Le laminaire de Pampelune…
J’ai connu Pamplona dans les années soixante. Et donc le parcours de l’encierro que j’ai commencé à étudier sérieusement, en dehors de la présence des bébêtes sur le parcours et cela m’a pris beaucoup de temps car avant d’y mettre les pieds, je tenais à m’assurer qu’il ne m’arriverait rien de bien grave.
Pas question de me mettre dans Santo Domingo où la manade sortant des corrales court plus vite qu’une médaille d’or olympique du 100 mètres, ni dans Mercaderes encore moins passer le virage à droite toute, ni dans le début d’Estafeta où le péril est grand puisqu’il n’y a pas de possibilité de se cacher.
Mais, malin, j’allais appliquer un principe appris en hydraulique pendant mes études d’ingénieur : les écoulements laminaires et les turbulents. Il me faudrait choisir le laminaire où justement il y a moins de risques puisque l’écoulement n’y est ni chaotique, ni tourbillonnant. Donc autant se positionner à l’extérieur d’une courbe qu’à l’intérieur. L’endroit appelé Telefónica correspondait exactement à ce que je cherchais. En plus, je n’aurais à courir que sur une trentaine de mètres, devant les toros et surtout pas dans le groupe (s’il ne s’était pas étiré durant la course), et aurais les doubles barrières de bois extérieures où je pourrais trouver refuge en y sautant ou les enjambant le cas échéant. En effet, j’avais remarqué que la manade virait serrée à gauche – où chacun des toros s’ils s’étaient éparpillés pendant leur escapade urbaine -, couraient alors seuls, avant de descendre vers la plaza en se déplaçant à nouveau vers sa droite où là, à nouveau, il y avait danger.
Je démarrais alors au moment idéal. Comme on ne voyait pas directement la manade tant il y avait du monde, je savais moi où elle était exactement en regardant les flashs des appareils de photos sur les balcons bondés de monde surplombant la rue Estafeta.
J’ai donc appliqué stricto sensu pendant des années ce principe à chaque fois que je pouvais y être présent. Sans aucun danger. Mais je pouvais dire que j’avais couru l’encierro, ce qui me mettait parmi les vrais « mozos corredores de Pamplona ». En étant toutefois à des années-lumière du risque pris par les vrais coureurs, les divinos, qui eux sont dans le berceau des cornes des toros. En fait moi, je regardais passer les toros en étant parti devant eux et en étant à l’abri quand ils passaient.

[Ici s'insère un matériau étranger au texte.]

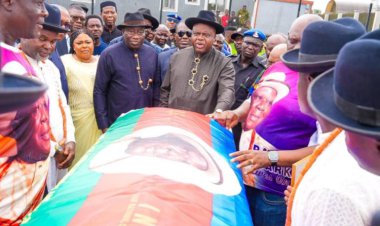Jonathan, Diri, others pay tribute to Ijaw National Leader, late Edwin Clark in Yenagoa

Ce matin, en regardant les informations sur une chaine espagnole, un groupe de personnes parlait d’une « estafa » dans l’immobilier. Estafa étant un mot inconnu pour moi, hop direction le dictionnaire. Lecture : estafa se traduit par « arnaque ». Estafeta est donc un diminutif « petite arnaque ».

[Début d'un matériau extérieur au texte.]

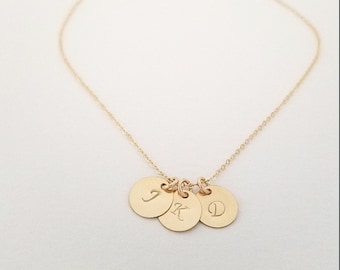 Collar inicial, regalos personalizados para ella, collar de monedas pequeñas, collar inicial delicado, colgante de cartas, collares, collar madre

J’ai donc couru dans la « rue de la petite arnaque » !
Mon Dieu, que cette dénomination est criante de vérité …
Mais heureusement, moi je ne l’ai appliquée qu’à sa fin, donc mes frasques peuvent déjà être pardonnées. Ce d’autant que quelques jours après l’arrêt définitif de mes coursettes, toute la manade s’est déplacée justement là où je me positionnais naguère, et a fait un véritable grabuge parmi les présents, un des toros de Jandilla d’ailleurs massacrant le divino Julen Madina dans le porche d’entrée de la plaza en le laissant quasi pour mort.
Quelle idée saugrenue a eu cette manade de passer au régime turbulent ?
Merci aux principes laminaires de Venturi. Et je peux me persuader quand même d’être un retraité des encierros pamplonais.
Mais vous savez maintenant que cette appellation est à peine contrôlée.
Ouf !
Et Bonne Année, le temps s’y prête.
Denis Guermonprez.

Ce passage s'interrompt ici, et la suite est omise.